“Memórias do Vinho” reúne Herson Capri e Caio Blat em reflexões sobre arte e vida

Os atores Herson Capri, de 73 anos, e Caio Blat, de 45, mergulham nos vínculos familiares em Memórias do Vinho, peça que marca a última obra teatral de Jandira Martini, em colaboração com Maurício Guilherme. Dirigida por Elias Andreato, a peça foi criada a partir da ideia do produtor Fernando Cardoso, que também realiza a produção ao lado do sócio Roberto Monteiro, da Mesa2 Produções. A reapresentação da história, que se passa em uma valiosíssima adega, fica em cartaz de 5 a 27 de julho, aos sábados e domingos, no Teatro Renaissance, em São Paulo. Em entrevista exclusiva, os atores falam sobre o reencontro nos palcos, a relação com o universo do vinho, os bastidores da parceria em cena e fora dela, o amadurecimento na profissão e as lutas atuais da classe artística.
Por que o público deve assistir à peça?
Caio Blat: A peça aborda histórias que mexem com todo mundo, como mágoas, segredos e revelações. E é muito simbólico que tudo aconteça em um porão, onde fica a adega do pai (Daniel), na qual ele guarda a coleção de vinhos e os segredos. São dois homens muito duros, distantes e sozinhos, consequência da morte da mulher que foi esposa e mãe da família. Depois que ela se vai, eles se afastam muito e entram em um estado de ressentimentos. O meu personagem (Daniel Filho), por exemplo, vai morar na Austrália, do outro lado do mundo – não tem como ser mais distante do pai. O final é arrebatador porque eles reinventam a própria história. E todos se identificam. É completamente redentor, emocionante e bonito. Eu fiquei arrebatado quando li o texto.

FOTO: Divulgação/ Roberto Setton
Que relação vocês têm com vinho? Apreciam a bebida e já visitaram vinícolas?
CB: Aprecio vinho, mas com moderação. Não chego a ser especialista, nem aficionado como os personagens. A cultura dos vinhos é como uma religião, fico impressionado com os apreciadores e a forma como eles provam; é um universo fascinante.

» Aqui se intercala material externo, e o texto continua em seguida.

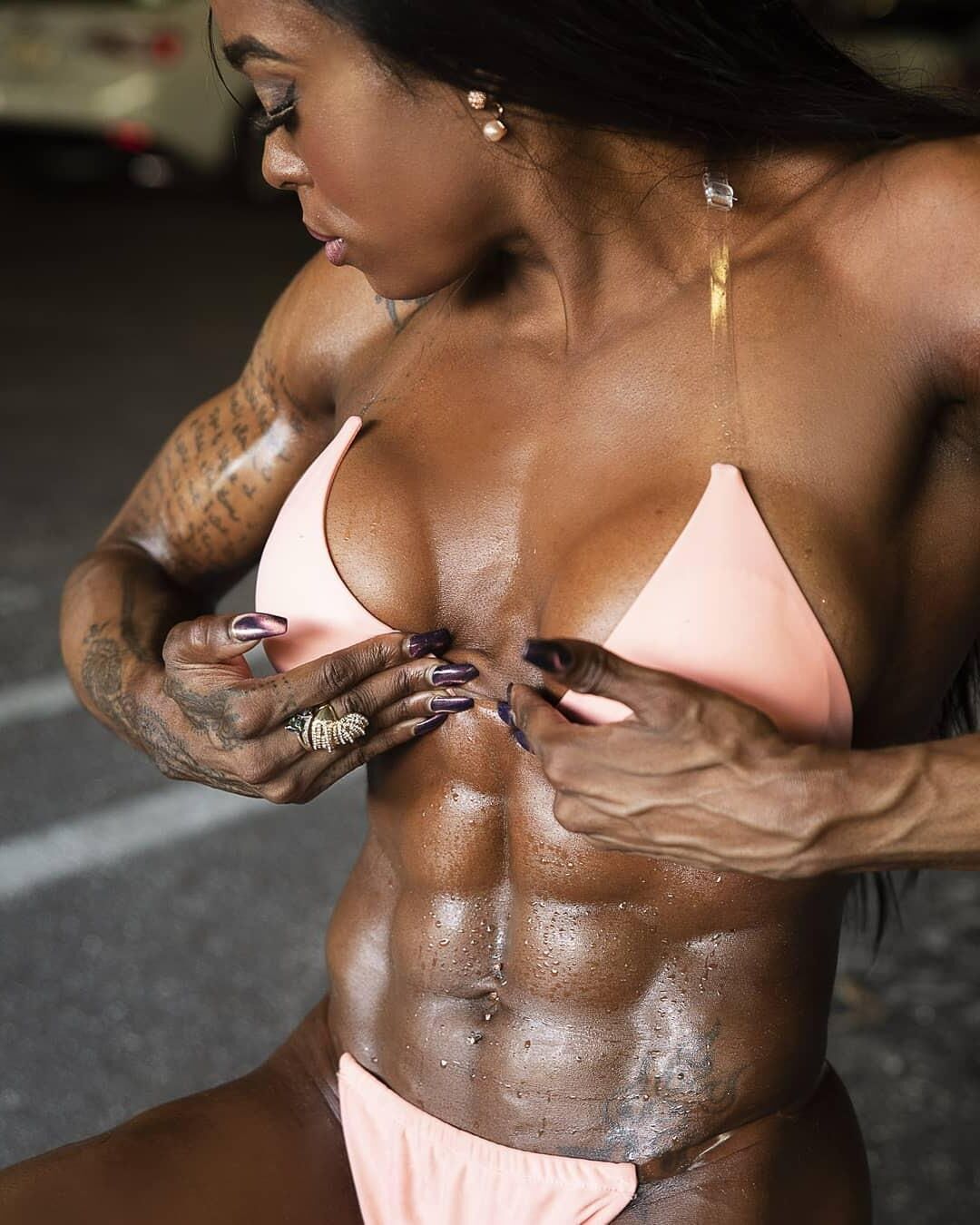 Meninas musculares aleatórias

Já visitei vinícolas da Região Sul do Brasil, onde conheci, por exemplo, o processo de fabricação. Aprendi com os portugueses da região do Douro a fazer um drink, no qual estou “viciado”, com água e vinho do Porto branco, que eu não conhecia. Conheço colecionadores de vinhos, com quem também conversamos para entender melhor sobre esse universo. Tem pessoas que andam com seus diários de anotações sobre vinhos e esse é também o grande barato da peça, sobre os segredos guardados neles. Inclusive, um dia, após o espetáculo, um espectador esperou para nos mostrar que estava com o caderninho dele sobre vinhos no bolso.
HC: Nunca gostei muito de vinhos, mas me casei com uma mulher que adorava e, como sou acolhedor, passei a adorar (risos). Já visitei várias vinícolas e, inclusive, morei por um ano (2009-2010) em Pommiers (Rhône), na França, uma cidade bem pequena da região do vinho Beaujolais. Então, acompanhei a colheita e conheci algumas propriedades. O vinho tem uma coisa interessante porque faz parte da história da humanidade, é uma cultura milenar com vários tipos de uvas e jeitos de fazer. No entanto, depois que me separei, deixei de gostar (risos).
A boa parceria profissional de vocês ficou muito evidente na série Beleza Fatal (HBO). Vocês também têm uma boa relação pessoal?
CB: A gente teve uma sintonia muito fácil e um prazer muito grande ao interpretar pai e filho (os médicos Átila e Benjamin Argento) naquela relação conturbada da série. Estávamos vivendo isso durante meses, com cenas intensas de brigas, quando me procuraram para apresentar a possibilidade do papel de filho nessa peça. Também me perguntaram se eu tinha ideia de algum ator para convidar para ser o pai da história. Falei: “tem que ser o Herson”. E ele topou na hora, adorou o texto. O Herson é uma das pessoas mais doces que conheço, mais gentis, um lorde, um príncipe. A gente criou uma relação muito especial e ele até brinca que sou o novo filho dele. Quando nos encontramos fora do trabalho, passamos a vida a limpo, conversamos muito sobre relações e ele sabe sobre as minhas histórias. Criamos um companheirismo muito forte. No teatro, todo dia a gente chega e passa o texto inteiro, o que é muito raro.
HC: Conheci o Caio, rapidamente, nos corredores da Globo e já havia gostado do jeito e do papo dele. Depois, nos conhecemos melhor como pai e filho que se dão muito mal em Beleza Fatal. Conheci, então, o Caio como ator. Ele é ótimo e tem essa característica de amar o trabalho que eu também tenho. Apesar das brigas em cena, que eram feitas de verdade, nos demos bem. E acabei descobrindo que ele não era apenas ator, mas, também, codiretor. Tudo que ele faz é bom – e gostei. Colegas falam que a gente tem parceria em cena e o público também percebe isso. O fato de ensaiarmos antes de cada apresentação sempre mostra um respeito enorme pelo público, e é algo que só tive igual com a Fernanda Montenegro.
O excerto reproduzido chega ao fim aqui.